Component Excellent Satisfactory Poor
Breadth of Exploration More than 3 questions were initially asked, and target substantially different portions/aspects of the data. At least 3 questions were initially asked of the data, but there is some overlap between questions. Fewer than 3 initial questions were posed of the data.
Depth of Exploration A sufficient number of follow-up questions were asked to yield insights that helped to more deeply explore the initial questions. Some follow-up questions were asked, but they did not take the analysis much deeper than the initial questions. No follow-up questions were asked after answering the initial questions.
Data Quality Data quality was thoroughly assessed with extensive profiling of fields and records. Simple checks were conducted on only a handful of fields or records. Little or no evidence that data quality was assessed.

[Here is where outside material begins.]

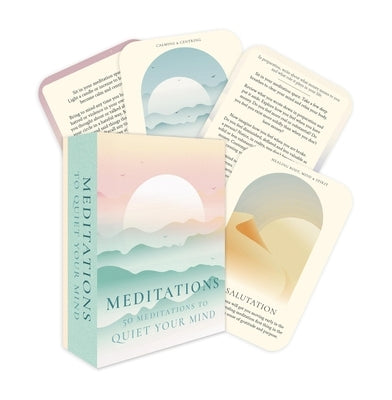 Meditations: 50 Cards to Quiet Your Mind by Gauding, Madonna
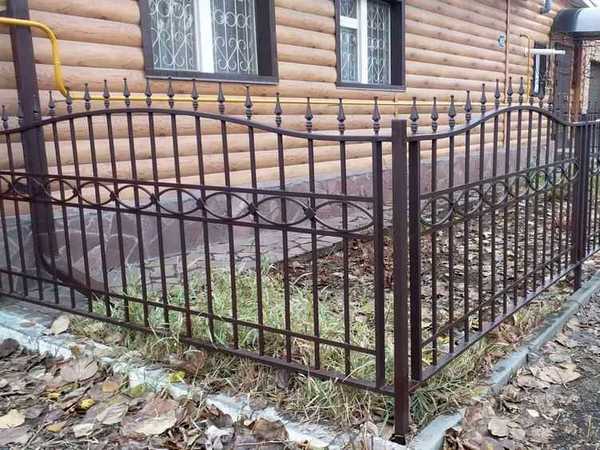 Кованый забор З-047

Visualizations More than 10 visualizations were produced, and a variety of marks and encodings were explored. All design decisions were both expressive and effective. At least 10 visualizations were produced. The visual encodings chosen were largely effective and expressive, but some errors remain. Several ineffective or inexpressive design choices are made. Fewer than 10 visualizations have been produced.

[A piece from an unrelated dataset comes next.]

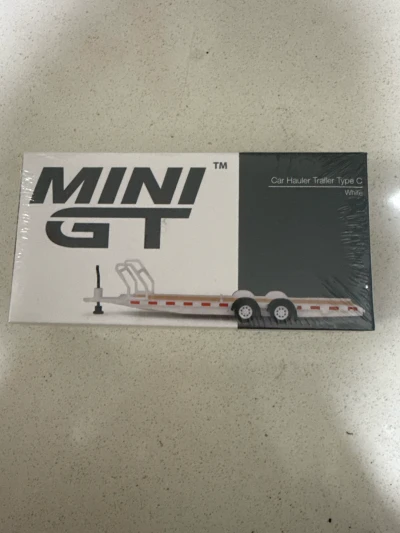 Car Hauler Trailer Type C White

Data Transformation More advanced transformation were used to extend the dataset in interesting or useful ways. Simple transforms (e.g., sorting, filtering) were primarily used. The raw dataset was used directly, with little to no additional transformation.
Captions Captions richly describe the visualizations and contextualize the insight within the analysis. Captions do a good job describing the visualizations, but could better connect prior or subsequent steps of the analysis. Captions are missing, overly brief, or shallow in their analysis of visualizations.
Creativity & Originality You exceeded the parameters of the assignment, with original insights or a particularly engaging design. You met all the parameters of the assignment. You met most of the parameters of the assignment.

Submission Details

This is an individual assignment. You may not work in groups.

Your completed exploratory analysis report is due by Tuesday 3/9, 11:59 pm EST. Submit your PDF report on Canvas.